O número 48 é um pouco surpreendente. Esperava os 30 das Variações Goldberg, mas Franz Rueb escolheu os 48 Prelúdios e Fugas (Livros I e II somados) de Bach, certamente em razão de ter assunto demais. E é isso o que surpreende — assunto demais, 375 páginas sobre alguém do qual se sabe tão pouco. Explico melhor: este livro é formado por 48 capítulos (flashes) — que têm de 5 a 10 páginas cada um — sobre a obra e principalmente sobre a vida de Bach.

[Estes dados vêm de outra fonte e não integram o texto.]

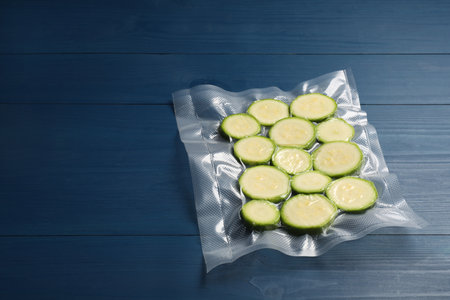 Plastic bag with cut zucchinis on blue wooden table. Space for textの写真素材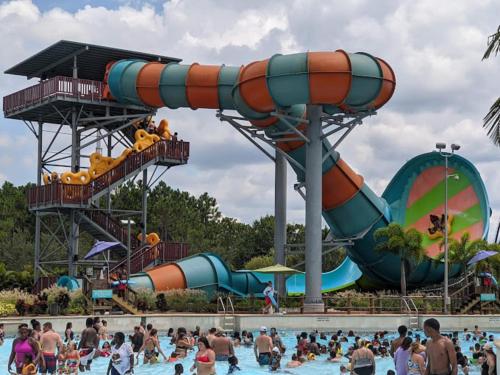 a crowd of people in a pool at a water park at Sunny Stay Orlando Queen Room 5 with Shared Bath in Orlando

A abordagem do escritor Rueb é basicamente histórica. 48 Variações sobre Bach parte da família de Bach em direção ao ambiente dos principados e das igrejas daquilo que hoje é a Alemanha. Aprofunda-se no estudo do que era a educação da época e procura compreender um artista absolutamente brilhante e original nascido naquele contexto e que ficou órfão aos 10 anos de idade, indo de casa em casa, de instituição em instituição, até aprender seu ofício e alcançar vários cargos em principados. A tarefa não é nada simples, mas se fizer a comparação deste livro com outras biografias que li, a de Rueb parece das mais honestas. A conclusão de que Bach provavelmente não entenderia a divisão que hoje se faz entre sua música sacra e secular é uma tese bastante sólida. A certeza de que Bach era um tipo de homem que não tinha a compreensão do próprio gênio e de que era adogmático na área musical são certezas. A descrição de suas muitas lutas contra as autoridades são bem conhecidas, mas aqui são descritas com riquezas de detalhes que as tornam interessantes. O único defeito que encontro neste livro cheio de qualidades e de tão engenhosa feitura são certos exageros na vontade de dar sempre razão a Bach, o qual, cumpre lembrar, era um ser humano. (OK, quando ouço algumas de suas obras, parece-me sobre-humano, porém o ouvinte normalmente é um e o biógrafo outro menos arrebatado, de preferência).

Nunca li descrições tão completas e convincentes do entorno do compositor, nunca o final de sua vida em Leipzig foi mostrada com tanta crueza e tristeza. Então, o livro, que termina com a afirmação de que os ossos que estão no túmulo de Bach são de outra pessoa, vale a pena. E como.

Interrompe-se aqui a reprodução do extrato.